"L'alcol e la nostalgia" seduti nello stesso vagone della Transiberiana

Il libro è nato come dramma radiofonico. A colpi di vodka e suggestioni letterarie

"L'alcol e la nostalgia" seduti nello stesso vagone della Transiberiana

La passione distrugge, il ricordo strazia, ma la vera calamità è il presente, che ci costringe a guardare. È questa, filtrata attraverso le maglie finissime del mito della grande Russia, la sentenza poetica del magico libretto firmato dal premio Goncourt Mathias Énard, L'alcol e la nostalgia, di cui in questa pagina pubblichiamo un brano. Si tratta, come spiega una brevissima nota, dell'adattamento più o meno fedele di una fiction radiofonica di cento minuti scritta sulla Transiberiana fra Mosca e Novosibirsk e trasmessa da France Culture nel luglio 2010.

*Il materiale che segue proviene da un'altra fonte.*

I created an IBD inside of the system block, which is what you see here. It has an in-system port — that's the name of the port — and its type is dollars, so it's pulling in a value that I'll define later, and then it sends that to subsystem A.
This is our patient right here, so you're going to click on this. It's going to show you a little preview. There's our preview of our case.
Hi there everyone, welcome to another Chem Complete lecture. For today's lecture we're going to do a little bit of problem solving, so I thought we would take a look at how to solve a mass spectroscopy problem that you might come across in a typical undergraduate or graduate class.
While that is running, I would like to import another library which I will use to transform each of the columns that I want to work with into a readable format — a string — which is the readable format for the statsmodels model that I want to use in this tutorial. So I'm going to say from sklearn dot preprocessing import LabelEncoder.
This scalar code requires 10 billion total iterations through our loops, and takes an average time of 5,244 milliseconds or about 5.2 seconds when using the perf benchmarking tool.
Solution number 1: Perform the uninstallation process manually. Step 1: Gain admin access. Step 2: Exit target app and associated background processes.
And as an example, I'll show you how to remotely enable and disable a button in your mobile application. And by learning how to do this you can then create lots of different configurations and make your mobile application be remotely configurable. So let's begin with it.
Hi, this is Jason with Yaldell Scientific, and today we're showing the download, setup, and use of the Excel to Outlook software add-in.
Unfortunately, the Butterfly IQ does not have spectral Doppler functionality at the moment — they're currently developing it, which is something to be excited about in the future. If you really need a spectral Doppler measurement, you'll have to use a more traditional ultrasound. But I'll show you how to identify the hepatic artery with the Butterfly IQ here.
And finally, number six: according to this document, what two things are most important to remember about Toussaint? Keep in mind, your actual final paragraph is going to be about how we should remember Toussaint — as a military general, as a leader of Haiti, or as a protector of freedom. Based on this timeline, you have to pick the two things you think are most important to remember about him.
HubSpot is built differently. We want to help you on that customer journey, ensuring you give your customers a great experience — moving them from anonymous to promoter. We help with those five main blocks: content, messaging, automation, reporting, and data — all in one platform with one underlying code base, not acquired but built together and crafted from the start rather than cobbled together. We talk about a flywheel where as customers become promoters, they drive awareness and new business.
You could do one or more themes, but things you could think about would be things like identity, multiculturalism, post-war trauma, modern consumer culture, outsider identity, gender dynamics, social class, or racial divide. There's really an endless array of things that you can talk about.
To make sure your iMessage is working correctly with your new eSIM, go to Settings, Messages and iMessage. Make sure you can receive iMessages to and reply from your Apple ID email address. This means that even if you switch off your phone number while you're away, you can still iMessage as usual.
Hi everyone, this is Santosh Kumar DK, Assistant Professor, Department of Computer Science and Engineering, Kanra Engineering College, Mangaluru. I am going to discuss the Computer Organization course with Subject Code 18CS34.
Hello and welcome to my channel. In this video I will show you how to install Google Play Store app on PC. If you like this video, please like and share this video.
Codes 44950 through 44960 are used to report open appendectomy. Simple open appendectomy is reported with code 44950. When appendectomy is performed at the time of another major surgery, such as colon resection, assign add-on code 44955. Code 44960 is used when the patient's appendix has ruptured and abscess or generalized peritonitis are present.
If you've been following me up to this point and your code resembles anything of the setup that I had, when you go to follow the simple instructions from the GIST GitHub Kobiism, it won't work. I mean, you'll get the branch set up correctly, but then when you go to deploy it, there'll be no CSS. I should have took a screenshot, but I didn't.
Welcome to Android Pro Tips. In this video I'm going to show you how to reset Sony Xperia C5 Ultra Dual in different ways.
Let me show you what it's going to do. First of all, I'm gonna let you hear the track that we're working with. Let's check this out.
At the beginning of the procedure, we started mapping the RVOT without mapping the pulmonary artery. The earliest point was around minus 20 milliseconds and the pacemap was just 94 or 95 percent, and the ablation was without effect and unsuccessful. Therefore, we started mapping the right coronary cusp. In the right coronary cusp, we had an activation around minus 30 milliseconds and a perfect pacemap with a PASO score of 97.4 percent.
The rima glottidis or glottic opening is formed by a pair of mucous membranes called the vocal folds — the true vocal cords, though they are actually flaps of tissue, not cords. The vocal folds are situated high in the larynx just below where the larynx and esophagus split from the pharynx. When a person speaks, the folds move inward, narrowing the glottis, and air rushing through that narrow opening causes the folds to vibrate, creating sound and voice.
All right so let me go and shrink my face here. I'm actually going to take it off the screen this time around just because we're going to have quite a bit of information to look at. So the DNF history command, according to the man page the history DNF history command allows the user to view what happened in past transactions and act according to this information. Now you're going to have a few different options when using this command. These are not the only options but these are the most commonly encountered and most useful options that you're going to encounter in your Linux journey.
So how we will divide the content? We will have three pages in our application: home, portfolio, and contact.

C'è, nelle prime pagine, una di quelle donne fluttuanti e tossiche, splendenti e colte, di cui il Mathias autore-protagonista subisce il fascino. Qui il nome è Jeanne e basta una sua telefonata quasi muta, in cui solo soffia il nome di Vladimir, alle tre del mattino da un numero russo con prefisso di Mosca, a far prendere a Mathias un aereo. Otto giorni dopo il nostro è all'aeroporto Seremetevo, con l'impressione di avere sbagliato Paese e la certezza dell'inconoscibilità di ciò che lo circonda. Jeanne, con l'alito che sa di etere, vodka e medicine, lo aspetta alla stazione Belorusskaja, nel cuore della «città dei mille e tre campanili e delle sette stazioni», e con lei prende avvio una storia che alla fine è quella di un ritorno.

È quel Vladimir della telefonata che Mathias dovrà accompagnare - Vladimir morto, in una cassa - attraverso la Russia fino in Siberia, per riportare il suo corpo a casa. Ma è in realtà un flusso di memoria e di storia che a noi arrivano, mentre sul treno i due viaggiano senza potersi parlare, come pallottole sparate al ralenti: «Ti riporto al tuo paese, Vladimir, ti riporto a casa, a duecentoventitré chilometri da Novosibirsk, duemilaottocentoquattordici da Mosca e cinquemilatrecentoquaranta da Parigi, cioè un buon centinaio di giorni di cavallo, di trojka o di slitta d'inverno». Mathias che odia i viaggi passerà ore e ore solo, con i ricordi, l'alcol e la nostalgia. E tra i ricordi infilerà indifferentemente anime russe diverse: Cechov, il medico morto bevendo champagne, o Trockij, «che passa due anni nel suo vagone a strappare le città ai Bianchi», in un treno che avanza a due all'ora ma che contiene una biblioteca, una sala dello stato maggiore tappezzata di cartine e persino una tipografia per stampare un giornale rivoluzionario. E dappertutto la guerra.

E poi ci sono Dostoevskij e Gogol', Aksonov e Mandel'stam e tutti i fantasmi che, come una benefica nebbia, possano dare sollievo al dolore di esistere in un Paese che a ogni passo seppellisce violenza e giovinezza. Fantasmi visti dallo sguardo di un francese dalla scrittura straordinaria, che passeggia nella letteratura russa con devozione sconfinata. Fantasmi che, come accade sempre con Énard, vengono definiti da una collocazione geografica così ossessiva da risultare commovente e che diventa l'unico modo, per il protagonista, per non perdere il senno.

Perché naturalmente, tra i demoni letterari e storici della Russia dell'Ottocento, Énard fa rivivere la rievocazione dell'amicizia con Vladimir e dell'amore per Jeanne, conditi da droghe pesanti e troppe follie. Per questo serve l'alcol, nei 4mila chilometri tra Mosca e Novosibirsk: per garantire che quelle visioni non si trasformino in premonizioni e che il maledetto presente non porti con sé solo buio e neve, fino alla fine.